Ben Bluitt, Loyola’s first African-American player, became head coach at Cornell in 1974.

According to Arthur Ashe’s book A Hard Road to Glory, the history of blacks playing basketball for predominantly white colleges goes back at least as far as 1904, when Samuel Ransom, a four-sport athlete from Chicago, starred for Beloit College in southern Wisconsin. Over the next 40 years, however, the list is short and studded with the names of exceptional figures like Paul Robeson (Rutgers, 1915-1918), Ralph Bunche (UCLA, 1921-22), and Jackie Robinson (UCLA, 1939-41). As with so many aspects of modern American life, the big changes began at the end of World War II, when military service prompted blacks to seek their due in mainstream society.

Loyola’s first black player (as best we can determine) was Ben Bluitt, who starred at Englewood High School and served in the Army Air Force before enrolling at Loyola in 1946. He later coached at DuSable and Farragut high schools in Chicago, as an assistant at the University of Detroit (another Jesuit institution), and at Cornell, where he was the first black head coach (and second, by a season, in the Ivy League).

Chicago’s black newspaper, the Defender, watched closely as Bluitt and Loyola stumbled through unfamiliar territory. Early in Bluitt’s first season, when he was the second-string center, the paper announced a misstep: “Loyola Coach Meekly Bows to Texas Jim Crow,” the headline charged. Coach Tom Haggerty had decided to leave Bluitt home as the team made a three-game swing through Texas to play SMU and Texas Christian.

Earlier the Defender had cheered the University of Nevada for better dealing with a similar problem. Before a football game that Nevada had scheduled at Mississippi State College, Mississippi State’s athletic director, C.R. “Dudy” Noble (whom we will meet again), wrote to Nevada suggesting that they might want to travel without two of their star players, both veterans of the war who happened to be black. Their presence in his state would “cause unfortunate commotion,”  Noble explained. Nevada rebuffed the suggestion and canceled the game.

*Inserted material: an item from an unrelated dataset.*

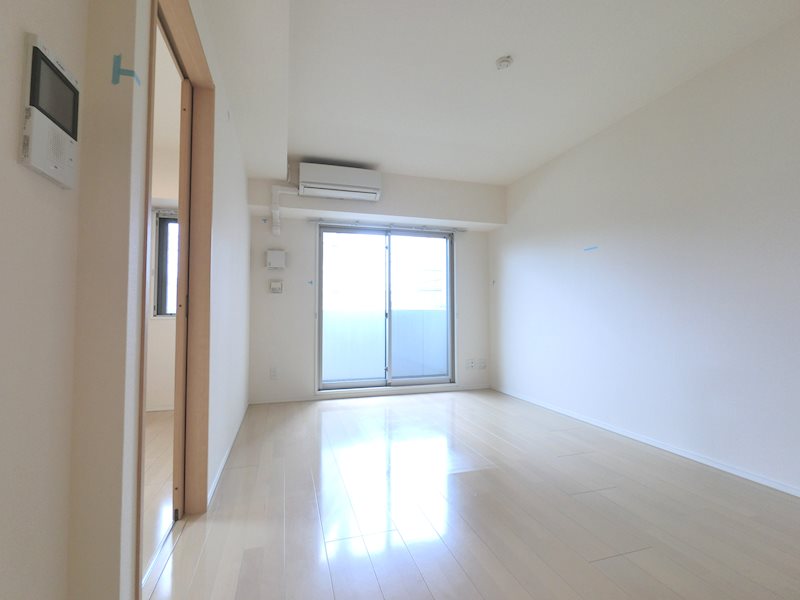 パーク　リヴィエール リビング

Just a few days later, a similar controversy kieboshed a football game between Penn State and Miami of Florida.  The Defender reported that this game had been arranged about a year before, after several years of trying byMiami officials. But when they realized that Penn State’s roster would include two blacks, they objected that it would be “difficult to carry out arrangements.”Penn State’s dean of athletics advised Miami that the two players were “regular members of the Penn State football squad” and would not be left home. Instead, Penn State canceled the game.

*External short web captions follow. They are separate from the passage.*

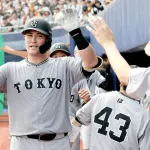 【巨人】リチャード「改善するところはある」２軍降格後初アーチも課題語る…２軍戦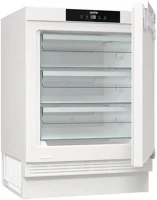 Gorenje FIU609EA1 Pult alá építhető fagyasztószekrény kép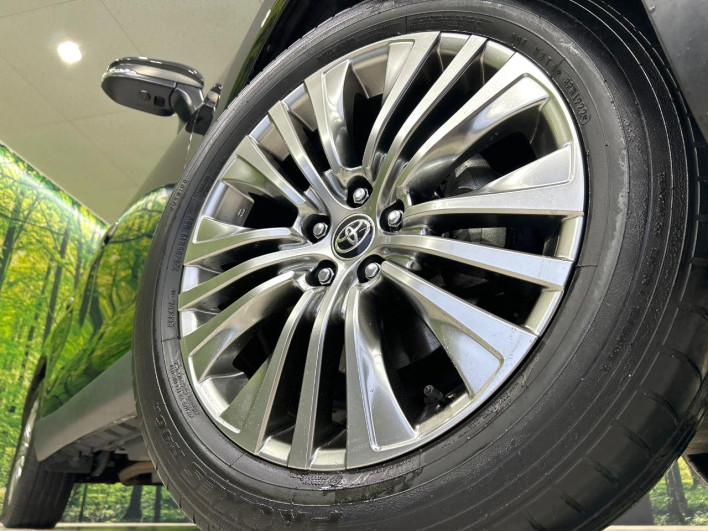 2022 Toyota Harrier Hybrid 6AA-AXUH80 (UW-69f02103e7b56)[14]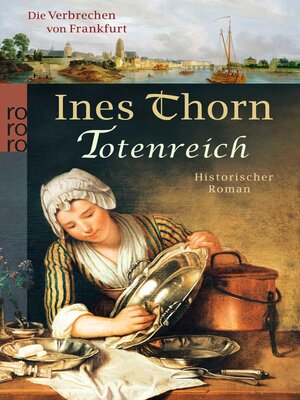 cover image of Totenreich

Compared to these righteous acts, the Defender found Loyola’s treatment of Ben Bluitt wanting. Coach Haggerty tried to soften the insult by insisting that Bluitt would play when the Texas teams came to Chicago later in the season, but the Defender wasn’t satisfied. “Loyola had a chance to stand out and prove to the world that it stood for equality of opportunity and equality of justice. It failed.” When the Texas teams came north, a Defender headline jeered “Hurrah! Haggerty uses Ben Bluitt Against Crackers.”

Unfortunately, having defeated SMU in Texas without Bluitt, Loyola lost on their home court with him.